* **What the task requires**
Further down are entries; set down exactly and only the lines from the one with "жағдайлар қызметкерлерімен кездесті" up to and including the one with "Varanda da Sala", dropping each picture.

* **Data provided**
☆ ☆ ☆

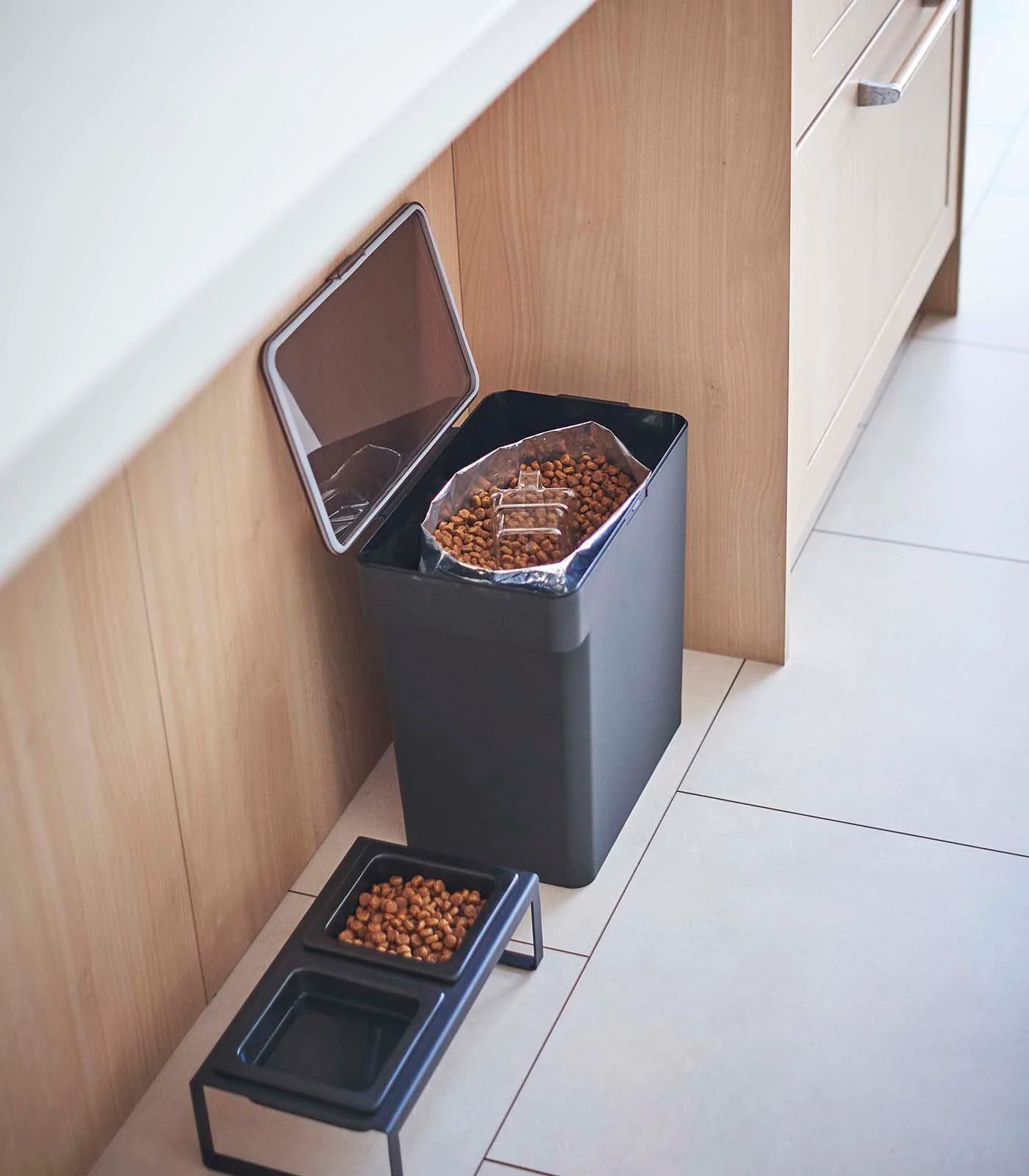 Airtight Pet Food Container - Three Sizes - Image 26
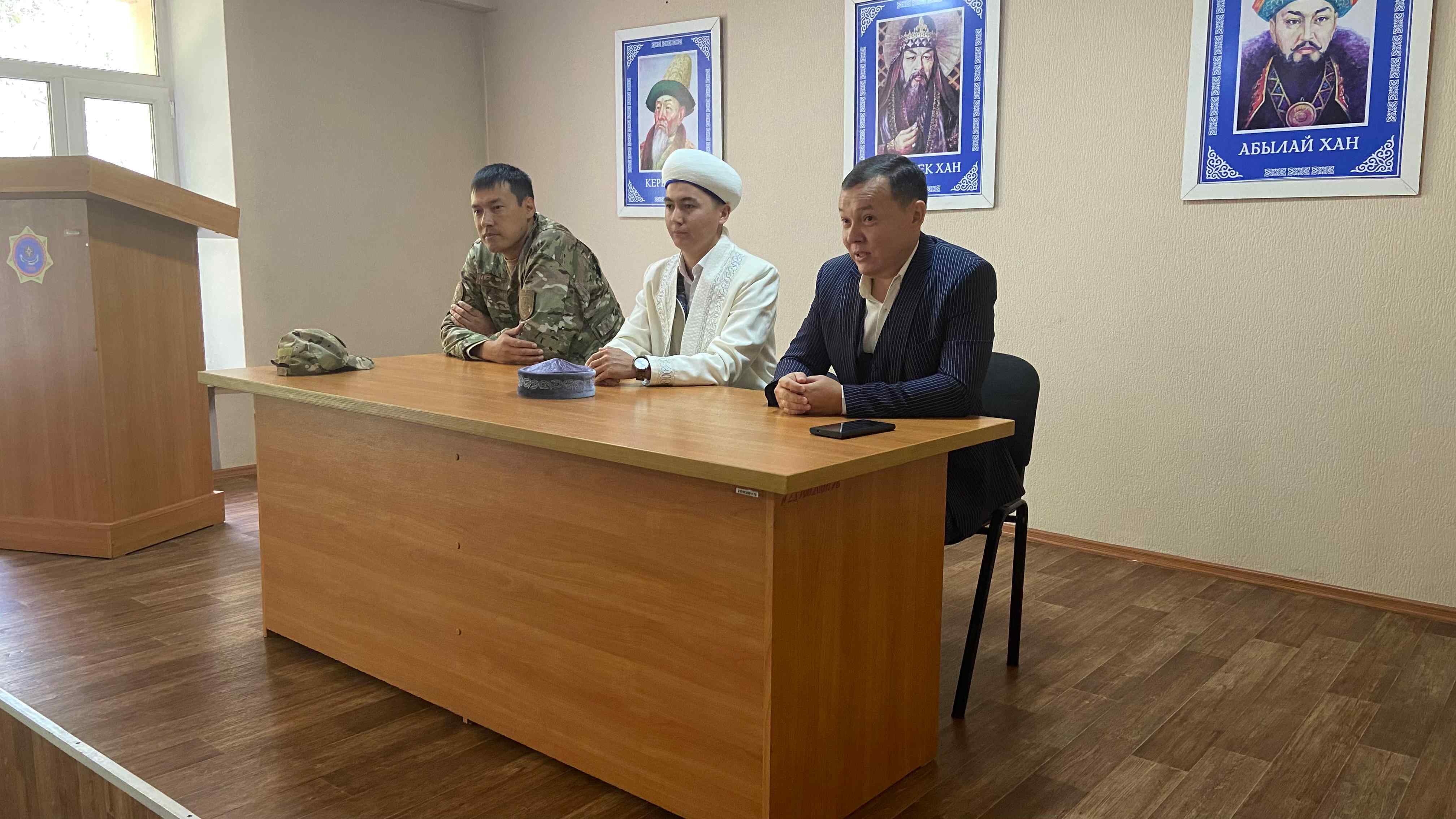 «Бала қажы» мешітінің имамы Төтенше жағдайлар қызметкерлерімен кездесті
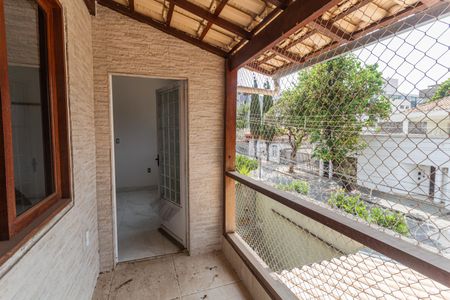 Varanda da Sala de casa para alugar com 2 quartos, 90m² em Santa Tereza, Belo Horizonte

☆ ☆ ☆

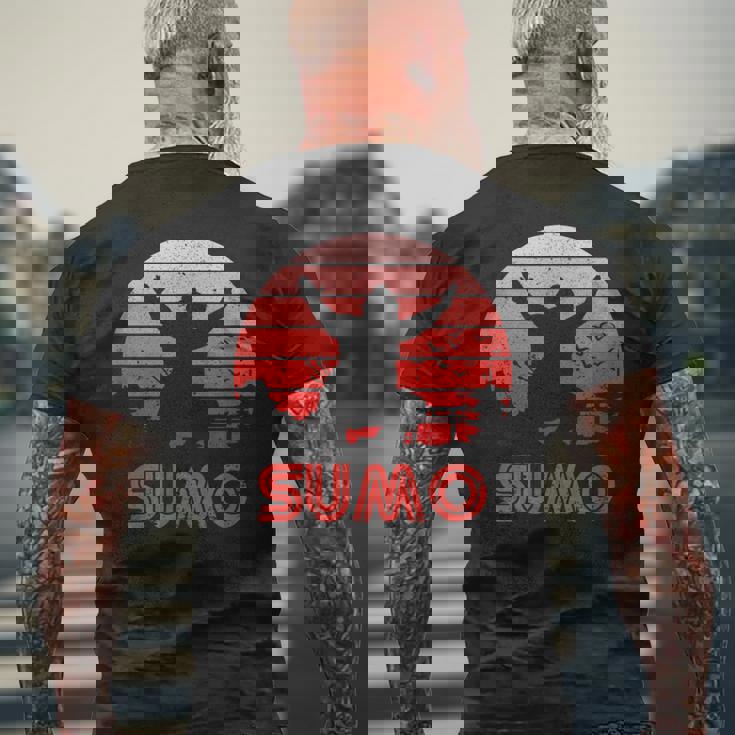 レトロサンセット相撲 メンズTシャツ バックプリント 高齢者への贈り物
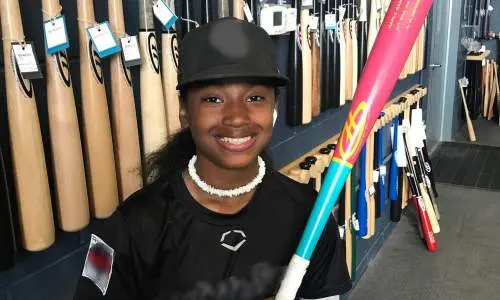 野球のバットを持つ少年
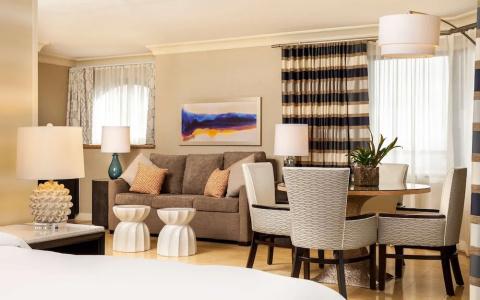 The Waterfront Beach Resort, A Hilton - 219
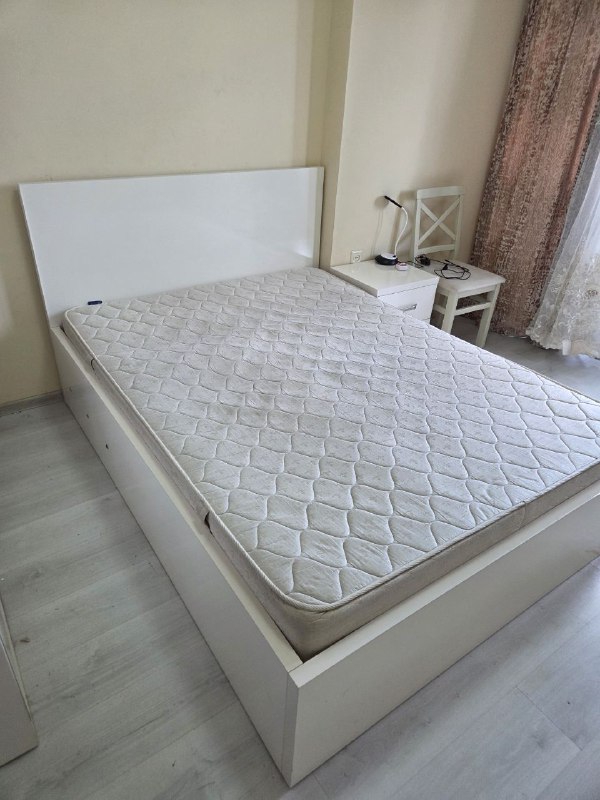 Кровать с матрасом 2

☆ ☆ ☆

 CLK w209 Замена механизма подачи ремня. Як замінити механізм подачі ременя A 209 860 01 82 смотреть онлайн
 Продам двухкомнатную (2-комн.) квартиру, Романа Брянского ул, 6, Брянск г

☆ ☆ ☆

* **Completed task**
 «Бала қажы» мешітінің имамы Төтенше жағдайлар қызметкерлерімен кездесті
 Varanda da Sala de casa para alugar com 2 quartos, 90m² em Santa Tereza, Belo Horizonte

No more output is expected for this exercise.